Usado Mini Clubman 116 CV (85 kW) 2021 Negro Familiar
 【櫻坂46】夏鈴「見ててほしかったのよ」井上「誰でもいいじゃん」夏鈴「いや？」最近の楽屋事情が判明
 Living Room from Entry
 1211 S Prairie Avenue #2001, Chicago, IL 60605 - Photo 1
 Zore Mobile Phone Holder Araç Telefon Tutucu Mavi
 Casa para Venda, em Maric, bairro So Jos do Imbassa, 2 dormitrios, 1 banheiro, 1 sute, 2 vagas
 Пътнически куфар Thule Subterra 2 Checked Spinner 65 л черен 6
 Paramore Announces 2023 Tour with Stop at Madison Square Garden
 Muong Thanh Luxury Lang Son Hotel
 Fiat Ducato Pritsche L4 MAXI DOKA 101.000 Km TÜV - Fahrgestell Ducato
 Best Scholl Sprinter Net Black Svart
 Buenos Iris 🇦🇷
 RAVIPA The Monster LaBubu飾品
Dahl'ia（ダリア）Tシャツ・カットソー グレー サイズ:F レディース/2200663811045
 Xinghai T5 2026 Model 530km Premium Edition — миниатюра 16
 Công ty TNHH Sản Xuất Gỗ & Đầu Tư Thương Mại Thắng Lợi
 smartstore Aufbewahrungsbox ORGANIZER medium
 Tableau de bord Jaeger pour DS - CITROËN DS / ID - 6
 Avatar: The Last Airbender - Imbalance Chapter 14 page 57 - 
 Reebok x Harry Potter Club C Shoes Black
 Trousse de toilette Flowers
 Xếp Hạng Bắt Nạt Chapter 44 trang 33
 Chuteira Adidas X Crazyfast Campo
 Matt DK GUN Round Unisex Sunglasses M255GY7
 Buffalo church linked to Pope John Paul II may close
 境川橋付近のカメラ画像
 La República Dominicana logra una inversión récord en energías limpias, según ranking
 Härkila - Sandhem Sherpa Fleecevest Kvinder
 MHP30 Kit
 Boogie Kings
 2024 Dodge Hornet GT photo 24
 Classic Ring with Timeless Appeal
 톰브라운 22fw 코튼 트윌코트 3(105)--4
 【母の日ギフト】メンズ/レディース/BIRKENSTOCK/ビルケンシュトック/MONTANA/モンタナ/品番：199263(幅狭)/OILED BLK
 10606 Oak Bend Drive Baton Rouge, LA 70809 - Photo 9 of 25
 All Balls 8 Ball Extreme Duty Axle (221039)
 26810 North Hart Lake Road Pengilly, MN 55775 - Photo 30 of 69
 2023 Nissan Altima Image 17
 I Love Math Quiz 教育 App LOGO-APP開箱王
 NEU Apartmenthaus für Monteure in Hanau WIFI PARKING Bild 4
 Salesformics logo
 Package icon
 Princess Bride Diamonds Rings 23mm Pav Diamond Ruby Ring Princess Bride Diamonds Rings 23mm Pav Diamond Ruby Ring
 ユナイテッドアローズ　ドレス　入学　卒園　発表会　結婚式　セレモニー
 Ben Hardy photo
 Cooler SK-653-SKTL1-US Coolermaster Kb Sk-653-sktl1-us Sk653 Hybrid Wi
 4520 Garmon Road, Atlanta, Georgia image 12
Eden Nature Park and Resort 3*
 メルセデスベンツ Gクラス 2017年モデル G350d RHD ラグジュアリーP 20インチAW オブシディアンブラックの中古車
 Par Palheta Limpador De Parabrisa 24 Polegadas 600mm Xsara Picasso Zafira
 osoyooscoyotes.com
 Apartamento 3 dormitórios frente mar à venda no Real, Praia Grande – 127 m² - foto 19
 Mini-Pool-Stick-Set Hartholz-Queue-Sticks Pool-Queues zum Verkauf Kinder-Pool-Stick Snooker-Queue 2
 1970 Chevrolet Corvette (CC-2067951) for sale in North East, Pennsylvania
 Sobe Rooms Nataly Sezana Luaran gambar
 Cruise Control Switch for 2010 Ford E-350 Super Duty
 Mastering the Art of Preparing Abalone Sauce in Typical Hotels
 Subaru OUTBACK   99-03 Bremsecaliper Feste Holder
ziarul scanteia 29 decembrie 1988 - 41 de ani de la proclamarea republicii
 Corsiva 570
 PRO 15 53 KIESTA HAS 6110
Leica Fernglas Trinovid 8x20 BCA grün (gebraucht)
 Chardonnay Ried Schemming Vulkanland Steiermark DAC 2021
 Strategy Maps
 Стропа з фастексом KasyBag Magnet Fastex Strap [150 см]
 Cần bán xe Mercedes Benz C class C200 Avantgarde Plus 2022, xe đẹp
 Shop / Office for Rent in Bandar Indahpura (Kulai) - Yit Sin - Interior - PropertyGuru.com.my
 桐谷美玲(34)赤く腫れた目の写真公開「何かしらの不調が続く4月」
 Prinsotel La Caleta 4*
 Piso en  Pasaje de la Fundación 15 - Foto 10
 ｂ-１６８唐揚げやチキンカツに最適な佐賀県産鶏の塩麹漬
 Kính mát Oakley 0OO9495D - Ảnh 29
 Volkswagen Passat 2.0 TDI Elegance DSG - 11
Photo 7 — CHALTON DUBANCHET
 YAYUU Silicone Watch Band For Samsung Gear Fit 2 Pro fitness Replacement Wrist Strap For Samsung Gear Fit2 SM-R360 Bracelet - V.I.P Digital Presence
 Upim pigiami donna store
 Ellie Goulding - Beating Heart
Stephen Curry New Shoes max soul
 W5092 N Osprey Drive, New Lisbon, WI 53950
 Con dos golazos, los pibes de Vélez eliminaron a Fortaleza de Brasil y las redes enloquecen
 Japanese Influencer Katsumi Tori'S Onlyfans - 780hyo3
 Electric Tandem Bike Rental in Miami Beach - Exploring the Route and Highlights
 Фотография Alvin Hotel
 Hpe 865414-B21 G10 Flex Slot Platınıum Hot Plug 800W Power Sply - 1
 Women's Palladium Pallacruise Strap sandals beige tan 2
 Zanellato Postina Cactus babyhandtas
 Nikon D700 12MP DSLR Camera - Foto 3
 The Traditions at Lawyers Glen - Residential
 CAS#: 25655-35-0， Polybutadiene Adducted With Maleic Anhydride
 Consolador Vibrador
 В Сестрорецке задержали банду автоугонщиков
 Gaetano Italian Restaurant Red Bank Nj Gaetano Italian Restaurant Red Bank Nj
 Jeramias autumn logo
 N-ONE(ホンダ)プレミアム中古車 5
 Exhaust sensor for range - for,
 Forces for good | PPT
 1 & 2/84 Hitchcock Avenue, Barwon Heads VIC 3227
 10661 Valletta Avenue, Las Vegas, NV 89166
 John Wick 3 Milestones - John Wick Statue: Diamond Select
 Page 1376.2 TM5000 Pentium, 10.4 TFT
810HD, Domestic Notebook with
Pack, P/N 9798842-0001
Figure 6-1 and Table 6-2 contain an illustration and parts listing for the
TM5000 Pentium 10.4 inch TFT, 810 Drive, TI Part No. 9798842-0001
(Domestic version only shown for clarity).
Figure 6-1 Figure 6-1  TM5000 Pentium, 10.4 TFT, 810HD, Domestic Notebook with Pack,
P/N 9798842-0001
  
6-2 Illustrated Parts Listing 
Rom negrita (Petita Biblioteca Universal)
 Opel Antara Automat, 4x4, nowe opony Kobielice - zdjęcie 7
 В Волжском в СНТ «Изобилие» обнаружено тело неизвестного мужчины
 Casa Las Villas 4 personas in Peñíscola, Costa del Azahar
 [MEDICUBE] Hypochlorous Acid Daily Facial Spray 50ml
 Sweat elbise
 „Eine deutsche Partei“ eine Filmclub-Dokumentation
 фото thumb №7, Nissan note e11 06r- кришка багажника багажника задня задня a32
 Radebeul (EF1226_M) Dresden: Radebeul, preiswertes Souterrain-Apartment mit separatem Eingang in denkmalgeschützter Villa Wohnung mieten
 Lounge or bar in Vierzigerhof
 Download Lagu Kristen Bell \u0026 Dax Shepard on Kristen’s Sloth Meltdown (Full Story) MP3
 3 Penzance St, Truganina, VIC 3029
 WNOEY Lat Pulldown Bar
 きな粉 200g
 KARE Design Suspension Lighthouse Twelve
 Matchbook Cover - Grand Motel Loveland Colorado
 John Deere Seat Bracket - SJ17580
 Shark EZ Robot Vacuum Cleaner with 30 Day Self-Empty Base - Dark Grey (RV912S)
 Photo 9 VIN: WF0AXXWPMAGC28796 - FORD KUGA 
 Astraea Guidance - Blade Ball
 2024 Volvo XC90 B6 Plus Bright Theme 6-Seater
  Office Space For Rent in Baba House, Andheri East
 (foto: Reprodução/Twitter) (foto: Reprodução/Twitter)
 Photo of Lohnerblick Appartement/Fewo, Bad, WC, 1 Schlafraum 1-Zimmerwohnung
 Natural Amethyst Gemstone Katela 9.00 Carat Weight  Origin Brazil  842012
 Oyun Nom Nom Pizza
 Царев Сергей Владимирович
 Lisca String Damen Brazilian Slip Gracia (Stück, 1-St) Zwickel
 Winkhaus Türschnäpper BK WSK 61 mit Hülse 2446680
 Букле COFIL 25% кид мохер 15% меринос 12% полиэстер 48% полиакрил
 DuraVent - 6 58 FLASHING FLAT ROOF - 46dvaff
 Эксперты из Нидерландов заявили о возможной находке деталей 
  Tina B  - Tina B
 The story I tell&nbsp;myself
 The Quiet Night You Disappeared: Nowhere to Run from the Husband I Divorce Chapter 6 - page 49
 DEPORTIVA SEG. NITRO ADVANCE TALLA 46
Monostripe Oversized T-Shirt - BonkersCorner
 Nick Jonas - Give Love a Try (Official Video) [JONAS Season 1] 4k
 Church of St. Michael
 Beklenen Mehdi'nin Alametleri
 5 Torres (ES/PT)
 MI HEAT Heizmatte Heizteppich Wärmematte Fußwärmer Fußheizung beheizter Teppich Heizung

● ● ● ● ● ● ●

● **Work instruction**
Both the line containing "Xinghai T5 2026" and the line containing "Chuteira Adidas X Crazyfast Campo" belong in the answer. Print them and every line above that falls between them exactly, and no others.

● **Answer to this task**
 Xinghai T5 2026 Model 530km Premium Edition — миниатюра 16
 Công ty TNHH Sản Xuất Gỗ & Đầu Tư Thương Mại Thắng Lợi
 smartstore Aufbewahrungsbox ORGANIZER medium
 Tableau de bord Jaeger pour DS - CITROËN DS / ID - 6
 Avatar: The Last Airbender - Imbalance Chapter 14 page 57 - 
 Reebok x Harry Potter Club C Shoes Black
 Trousse de toilette Flowers
 Xếp Hạng Bắt Nạt Chapter 44 trang 33
 Chuteira Adidas X Crazyfast Campo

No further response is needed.